Population: 30,500,000 (est.)
Official Languages: Pashto, Dari (Persian)
National Dish(es): Qabili Palau
- The Afghan afghani is the currency of Afghanistan.
- The official religion in Afghanistan is Islam, which is practiced by over 99% of its citizens. Sunni Islam makes up 80-89% of the total population while the remaining 10-19% are Shi’as and about 1% or less practice other religions. At a population growth rate of 3.85, Afghanistan has the fastest growing Muslim population in the world.
- The New Year in Afghanistan, called Nawroz, is celebrated on 21 March which is the first day of spring.
- Afghanistan’s main source of income comes from agriculture.
- Afghanistan is also rich in natural resources with the main ones being natural gas and oil.
Afghanistan, officially the Islamic Republic of Afghanistan, is a landlocked country forming part of South Asia, Central Asia, and to some extent Western Asia. With a population of around 30 million, it has an area of 647,500 km2 (250,001 sq mi), making it the 42nd most populous and 41st largest nation in the world. It is bordered by Pakistan in the south and the east, Iran in the west, Turkmenistan, Uzbekistan and Tajikistan in the north, and China in the far northeast.
Afghanistan has been an ancient focal point of the Silk Road and human migration. Archaeologists have found evidence of human habitation from as far back as the Middle Paleolithic. Urban civilization may have begun in the area as early as 3,000 to 2,000 BCE. Sitting at an important geostrategic location that connects the Middle East culture with Central Asia and the Indian subcontinent, the land has been home to various peoples through the ages and witnessed many military campaigns, notably by Alexander the Great, Genghis Khan, and in modern era Western forces. The land also served as a source from which the Greco-Bactrians, Kushans, Hephthalites, Saffarids, Ghaznavids, Ghorids, Khiljis, Timurids, Mughals, Durranis, and others have risen to form major empires.
The political history of the modern state of Afghanistan begins in 1709, when the Hotaki dynasty was established in Kandahar followed by Ahmad Shah Durrani’s rise to power in 1747. In the late 19th century, Afghanistan became a buffer state in the “Great Game” between the British and Russian empires. Following the 1919 Anglo-Afghan War, King Amanullah began a European style modernization of the country but was stopped by the ultra-conservatives. During the Cold War, after the withdrawal of the British from neighboring India in 1947, the United States and the Soviet Union began spreading influences in Afghanistan, which led to a bloody war between the US-backed mujahideen forces and the Soviet-backed Afghan government in which over a million Afghans lost their lives. This was followed by the 1990s civil war, the rise and fall of the extremist Taliban government and the 2001–present war. In December 2001, the United Nations Security Council authorized the creation of the International Security Assistance Force (ISAF) to help maintain security in Afghanistan and assist the Karzai administration.
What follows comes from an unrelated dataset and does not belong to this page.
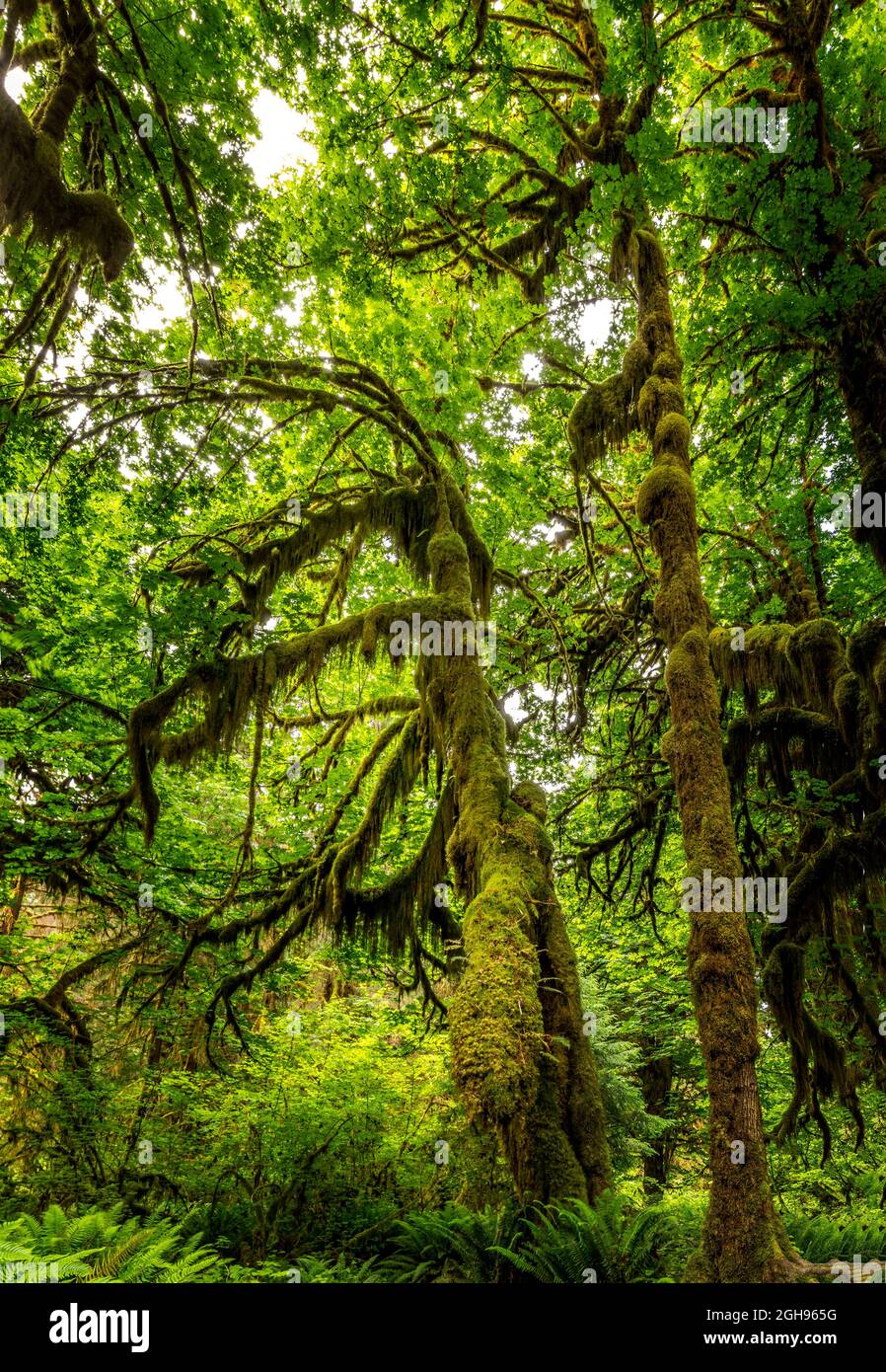 Die Hall of Mosses im Regenwald von Hoh, Olympic National Park, Washington Stockfoto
Three decades of war made Afghanistan the world’s most dangerous country, including the largest producer of refugees and asylum seekers. While the international community is rebuilding war-torn Afghanistan, terrorist groups such as the Haqqani Network and Hezbi Islami are actively involved in a nationwide Taliban-led insurgency, which includes hundreds of assassinations and suicide attacks. According to the United Nations, the insurgents were responsible for 80% of civilian casualties in 2011 and 2012.